> **Excerpted records**:
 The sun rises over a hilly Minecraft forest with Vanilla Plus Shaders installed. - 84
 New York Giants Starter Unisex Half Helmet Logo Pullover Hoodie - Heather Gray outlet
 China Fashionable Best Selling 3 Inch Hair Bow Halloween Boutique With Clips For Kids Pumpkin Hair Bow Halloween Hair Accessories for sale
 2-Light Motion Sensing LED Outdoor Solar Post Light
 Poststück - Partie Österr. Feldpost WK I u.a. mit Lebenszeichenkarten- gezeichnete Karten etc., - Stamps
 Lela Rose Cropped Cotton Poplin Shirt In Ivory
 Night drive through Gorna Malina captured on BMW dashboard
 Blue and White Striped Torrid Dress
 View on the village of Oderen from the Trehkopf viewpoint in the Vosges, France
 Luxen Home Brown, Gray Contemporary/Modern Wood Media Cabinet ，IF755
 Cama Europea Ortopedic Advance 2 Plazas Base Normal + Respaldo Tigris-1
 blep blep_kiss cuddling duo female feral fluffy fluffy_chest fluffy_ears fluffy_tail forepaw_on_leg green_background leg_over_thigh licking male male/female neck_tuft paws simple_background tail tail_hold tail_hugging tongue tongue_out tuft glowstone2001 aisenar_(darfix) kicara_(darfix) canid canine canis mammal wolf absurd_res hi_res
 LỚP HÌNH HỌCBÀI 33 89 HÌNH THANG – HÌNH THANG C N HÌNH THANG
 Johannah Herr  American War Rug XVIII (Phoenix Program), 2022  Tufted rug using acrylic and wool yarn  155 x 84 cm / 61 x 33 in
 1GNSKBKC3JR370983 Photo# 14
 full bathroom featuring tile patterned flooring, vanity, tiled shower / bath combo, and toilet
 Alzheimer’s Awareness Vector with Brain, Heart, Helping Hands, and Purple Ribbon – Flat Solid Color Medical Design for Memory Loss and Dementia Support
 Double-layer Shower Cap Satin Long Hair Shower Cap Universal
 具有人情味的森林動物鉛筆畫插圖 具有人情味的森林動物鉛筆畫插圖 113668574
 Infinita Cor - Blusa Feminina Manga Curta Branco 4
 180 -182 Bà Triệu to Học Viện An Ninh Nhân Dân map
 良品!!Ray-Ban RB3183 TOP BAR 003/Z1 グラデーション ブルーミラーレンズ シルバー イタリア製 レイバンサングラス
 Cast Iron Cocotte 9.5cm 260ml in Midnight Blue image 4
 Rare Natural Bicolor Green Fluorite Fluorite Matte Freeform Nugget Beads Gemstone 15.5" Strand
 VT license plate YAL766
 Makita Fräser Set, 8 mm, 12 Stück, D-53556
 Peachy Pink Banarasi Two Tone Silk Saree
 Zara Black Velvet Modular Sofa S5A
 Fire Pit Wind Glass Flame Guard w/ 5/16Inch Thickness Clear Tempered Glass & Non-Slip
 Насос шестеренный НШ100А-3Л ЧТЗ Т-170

> **Try it**:
Every entry needs to be copied again, word for word.

> **Reply**:
 The sun rises over a hilly Minecraft forest with Vanilla Plus Shaders installed. - 84
 New York Giants Starter Unisex Half Helmet Logo Pullover Hoodie - Heather Gray outlet
 China Fashionable Best Selling 3 Inch Hair Bow Halloween Boutique With Clips For Kids Pumpkin Hair Bow Halloween Hair Accessories for sale
 2-Light Motion Sensing LED Outdoor Solar Post Light
 Poststück - Partie Österr. Feldpost WK I u.a. mit Lebenszeichenkarten- gezeichnete Karten etc., - Stamps
 Lela Rose Cropped Cotton Poplin Shirt In Ivory
 Night drive through Gorna Malina captured on BMW dashboard
 Blue and White Striped Torrid Dress
 View on the village of Oderen from the Trehkopf viewpoint in the Vosges, France
 Luxen Home Brown, Gray Contemporary/Modern Wood Media Cabinet ，IF755
 Cama Europea Ortopedic Advance 2 Plazas Base Normal + Respaldo Tigris-1
 blep blep_kiss cuddling duo female feral fluffy fluffy_chest fluffy_ears fluffy_tail forepaw_on_leg green_background leg_over_thigh licking male male/female neck_tuft paws simple_background tail tail_hold tail_hugging tongue tongue_out tuft glowstone2001 aisenar_(darfix) kicara_(darfix) canid canine canis mammal wolf absurd_res hi_res
 LỚP HÌNH HỌCBÀI 33 89 HÌNH THANG – HÌNH THANG C N HÌNH THANG
 Johannah Herr  American War Rug XVIII (Phoenix Program), 2022  Tufted rug using acrylic and wool yarn  155 x 84 cm / 61 x 33 in
 1GNSKBKC3JR370983 Photo# 14
 full bathroom featuring tile patterned flooring, vanity, tiled shower / bath combo, and toilet
 Alzheimer’s Awareness Vector with Brain, Heart, Helping Hands, and Purple Ribbon – Flat Solid Color Medical Design for Memory Loss and Dementia Support
 Double-layer Shower Cap Satin Long Hair Shower Cap Universal
 具有人情味的森林動物鉛筆畫插圖 具有人情味的森林動物鉛筆畫插圖 113668574
 Infinita Cor - Blusa Feminina Manga Curta Branco 4
 180 -182 Bà Triệu to Học Viện An Ninh Nhân Dân map
 良品!!Ray-Ban RB3183 TOP BAR 003/Z1 グラデーション ブルーミラーレンズ シルバー イタリア製 レイバンサングラス
 Cast Iron Cocotte 9.5cm 260ml in Midnight Blue image 4
 Rare Natural Bicolor Green Fluorite Fluorite Matte Freeform Nugget Beads Gemstone 15.5" Strand
 VT license plate YAL766
 Makita Fräser Set, 8 mm, 12 Stück, D-53556
 Peachy Pink Banarasi Two Tone Silk Saree
 Zara Black Velvet Modular Sofa S5A
 Fire Pit Wind Glass Flame Guard w/ 5/16Inch Thickness Clear Tempered Glass & Non-Slip
 Насос шестеренный НШ100А-3Л ЧТЗ Т-170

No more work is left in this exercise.